== TASK INPUTS ==
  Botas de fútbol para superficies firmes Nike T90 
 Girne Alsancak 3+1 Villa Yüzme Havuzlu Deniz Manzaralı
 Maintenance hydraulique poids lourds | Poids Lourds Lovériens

--

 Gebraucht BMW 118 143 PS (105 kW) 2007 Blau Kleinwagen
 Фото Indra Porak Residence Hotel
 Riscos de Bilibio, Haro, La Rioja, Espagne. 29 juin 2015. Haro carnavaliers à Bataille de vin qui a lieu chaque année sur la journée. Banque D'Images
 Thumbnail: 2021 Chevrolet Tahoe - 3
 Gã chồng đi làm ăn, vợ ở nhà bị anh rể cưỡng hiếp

* * *

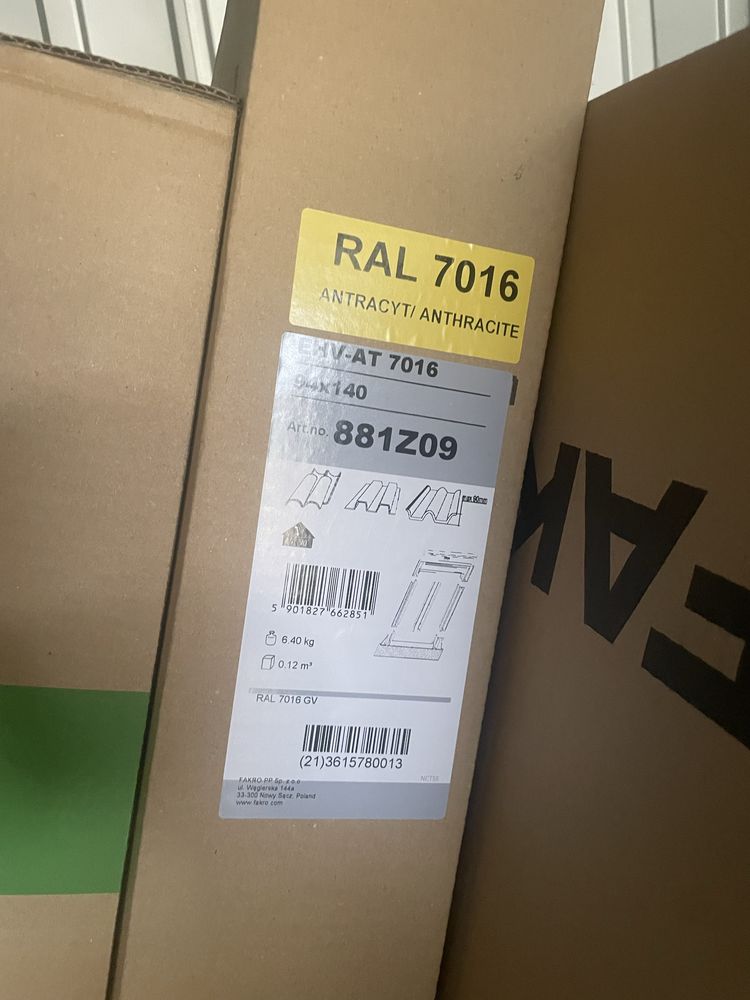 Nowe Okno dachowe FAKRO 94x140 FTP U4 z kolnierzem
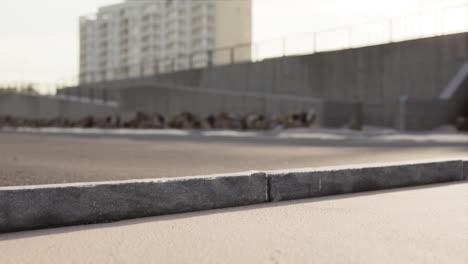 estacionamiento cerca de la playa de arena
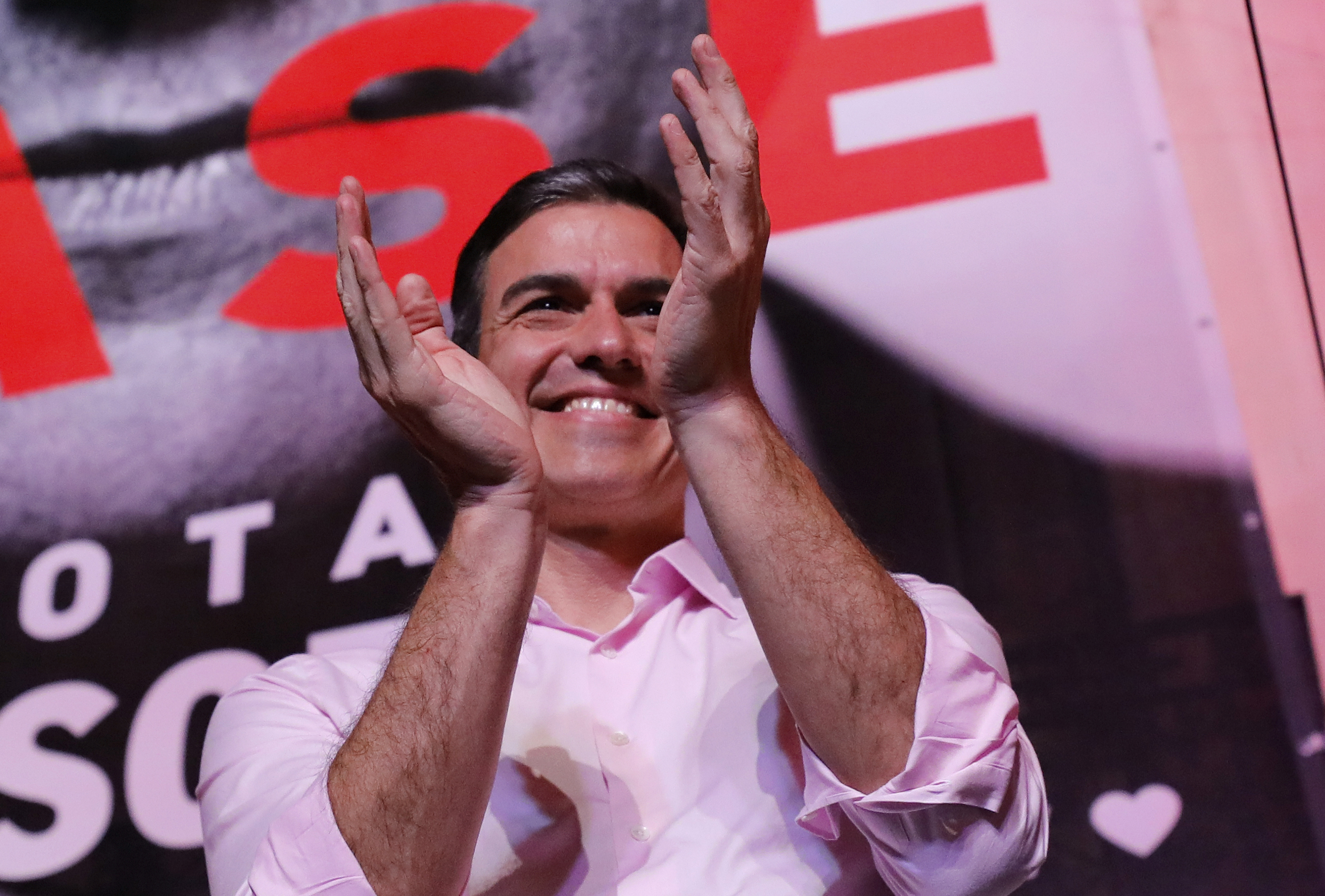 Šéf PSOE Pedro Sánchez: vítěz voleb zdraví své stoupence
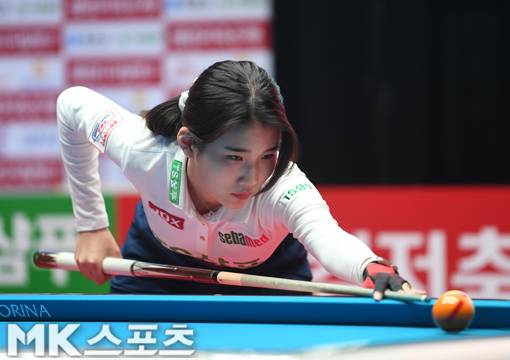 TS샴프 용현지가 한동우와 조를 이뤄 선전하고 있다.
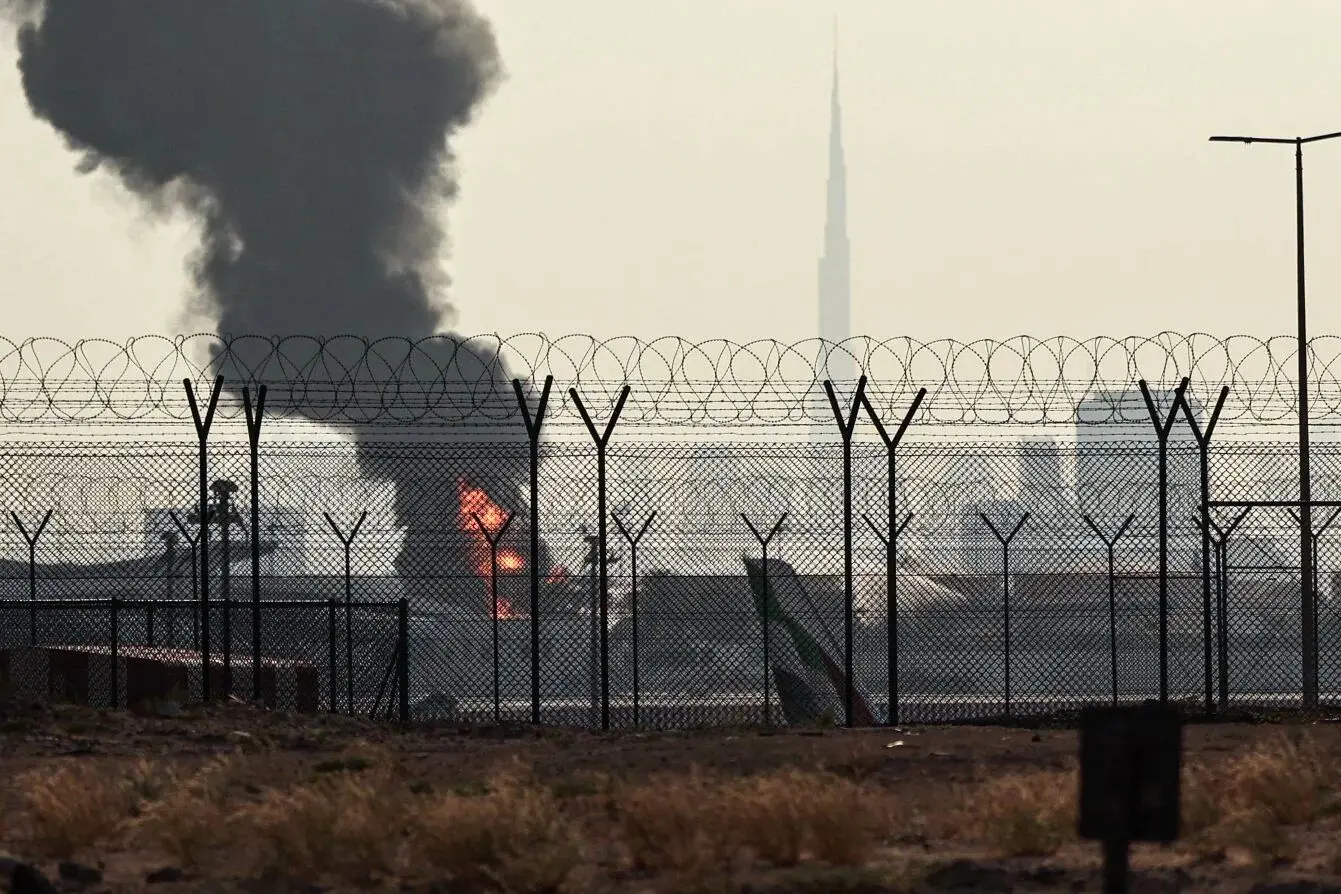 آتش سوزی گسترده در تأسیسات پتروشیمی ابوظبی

== TASK BRIEF ==
Look back over the records above. Reproduce exactly everything from the line with "Šéf PSOE Pedro" down to the line with "آتش سوزی گسترده در تأسیسات پتروشیمی ابوظبی", inclusive, and leave the pictures out.

== EXERCISE RESPONSE ==
 Šéf PSOE Pedro Sánchez: vítěz voleb zdraví své stoupence
 TS샴프 용현지가 한동우와 조를 이뤄 선전하고 있다.
 آتش سوزی گسترده در تأسیسات پتروشیمی ابوظبی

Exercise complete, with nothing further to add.